A pagina 63, poi, troviamo questa frase: "Se qualcosa di nuovo deve prendere possesso del pianeta, è fatale che noi scompaiamo... Come esperimento l'uomo è stato una grossa delusione, non trovi?", che a me ricorda l'apocalittico
"Fase IV" di Malzberg ("La ginestra" n. 145, ed. Longanesi,
'77), con le formiche che divengono le padrone del pianeta; a questo proposito leggiamo "...a me Malzberg piace molto", nella recensione che il Curtoni fa di quel libro. ("Robot" n. 4, ed. Armenia, '76, pag. 127).

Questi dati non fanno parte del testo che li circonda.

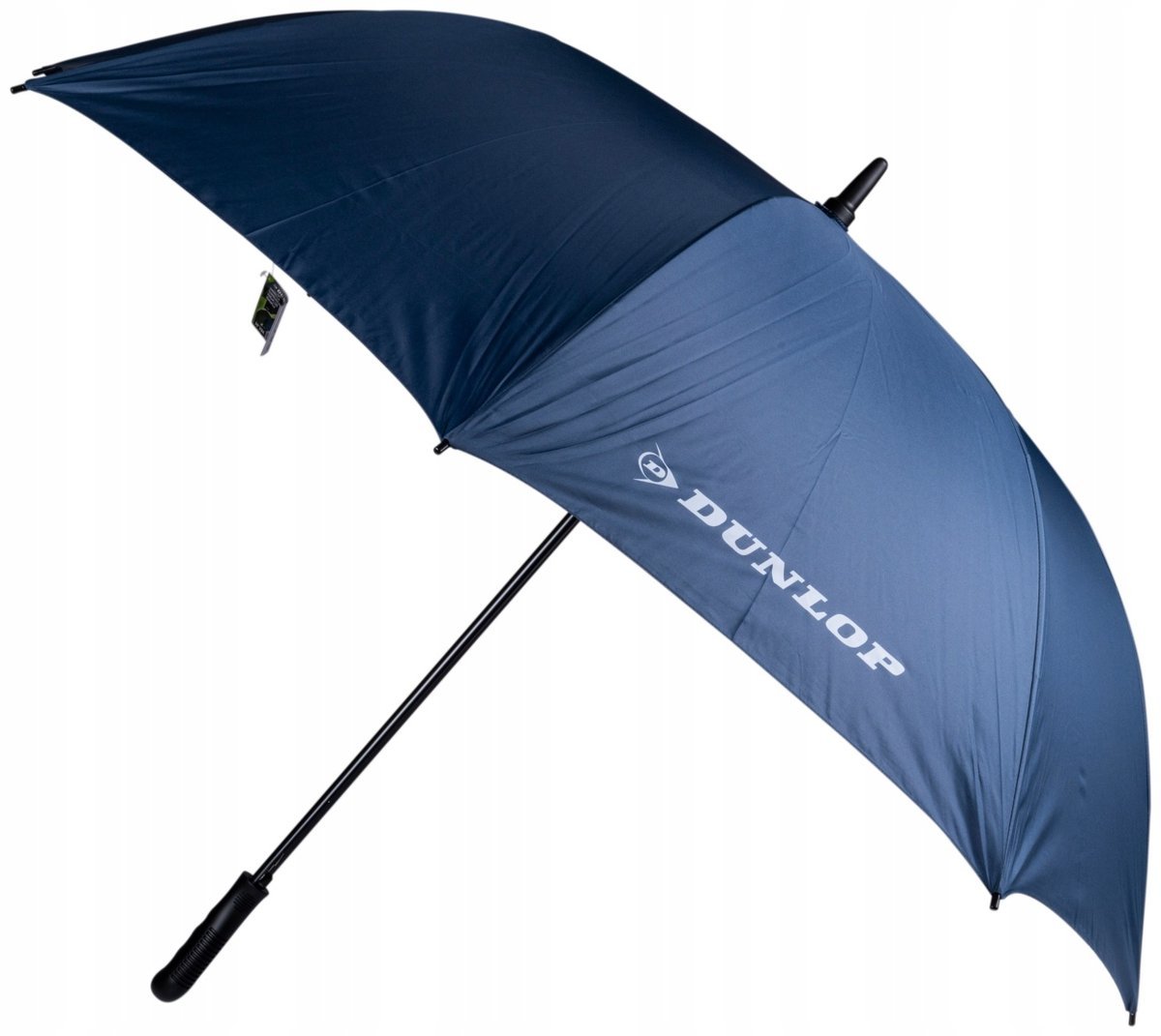 Dunlop PARASOL Parasolka Automatyczna Średnica 76 cm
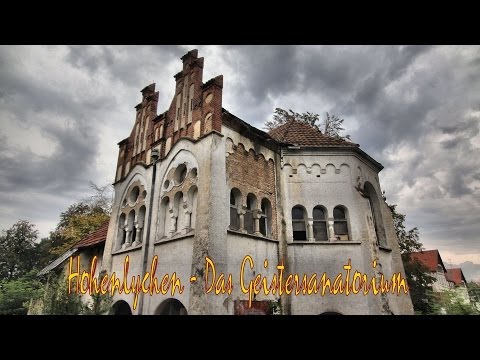 Die Schuppenflechte und die Menschen der Zukunft Die Kliniken sankt-peterburga nach der Behandlung der Schuppenflechte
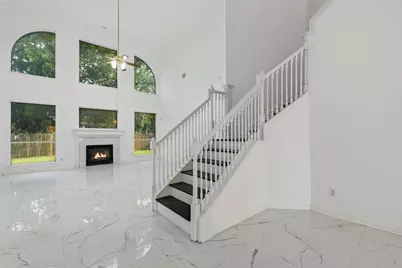 12415 Maily Meadowlane, Sugar Land, TX 77478 - Photo 10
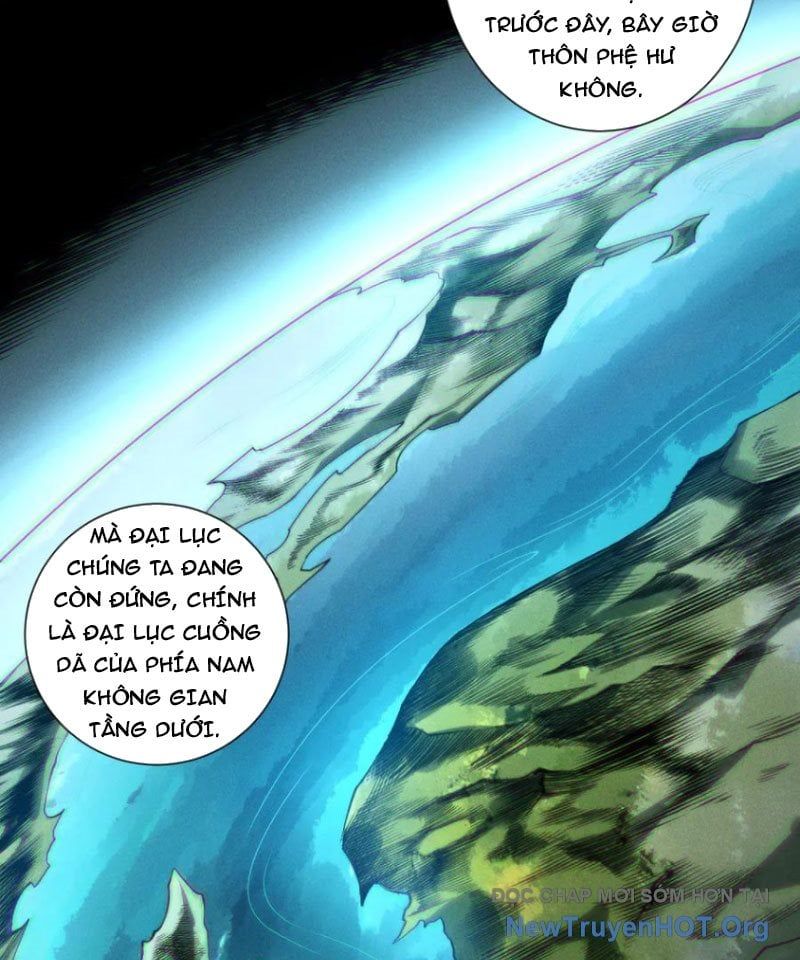 đọc truyện Thảm Họa Tử Linh Sư Chương 213 ảnh 28 tại Thiên Thai Truyện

In seguito, ecco che Charles si intrattiene prima con "Pierre, vent'anni, col suo volto da vecchio deluso", e poi col sopracitato Joseph; in questi due colloqui vengono esposte due posizioni filosofiche antitetiche, ovvero il velo di Maya, dietro al quale si nasconde "...l'aspetto segreto dell'universo" e "Scava sotto le cose, sotto tutto quello che vuoi, e vedrai che non c'è altro."
In conclusione, "il finale (è) venato di un misticismo chiaramente cristiano...", come dice Montanari nella presentazione, e ciò lo si constata, più che altro, in queste frasi: "...l'impulso di carità si andava facendo più forte di qualsiasi altra cosa ed ero veramente eletta ad un
compito di consolazione, seppellire i morti, come mi disse il vecchio della città, visitare gli infermi, e non capisco perchè questi simboli d'una religione troppo vecchia per essere ancora valida tornino di continuo ad ossessionarmi e si trasformino da soli in parole coerenti o piene di
ribrezzo." (pag. 102).
"Oh, dio, sei stato tu a permettere che arrivassero col ferro e col fuoco a sterminarci; sei stato tu a sanzionare l'assalto vigliacco, le ferite alle spalle; ed è questa la tua giustizia? È questo il mondo che avevi preparato per
l'orgogliosa razza umana? È questa, veramente, l'unica strada possibile?" (pag. 112).
La prima esprime l'impulso di Charles, la sua risposta empatica, il suo gettarsi nella mischia, mentre l'altra è più che altro una preghiera a quel dio burlone e
sadico di cui si diceva prima.
Dalla morte di Pierre, l'amante del (della?) protagonista, il romanzo si muove tutto in un'atmosfera di sospeso stupore, fino a culminare nell'attrazione
primordiale del mare, il padre, il fuoco, la distruzione (Ivo), lo stupro, il sangue, la morte; archetipi basilari accatastati, un groviglio di vibrazioni; la catarsi, alfine, il chiudersi di ogni altra vicenda possibile, i fili
riannodati, i conti che tornano, e la speranza di "un'altra resurrezione. Un mondo nuovo."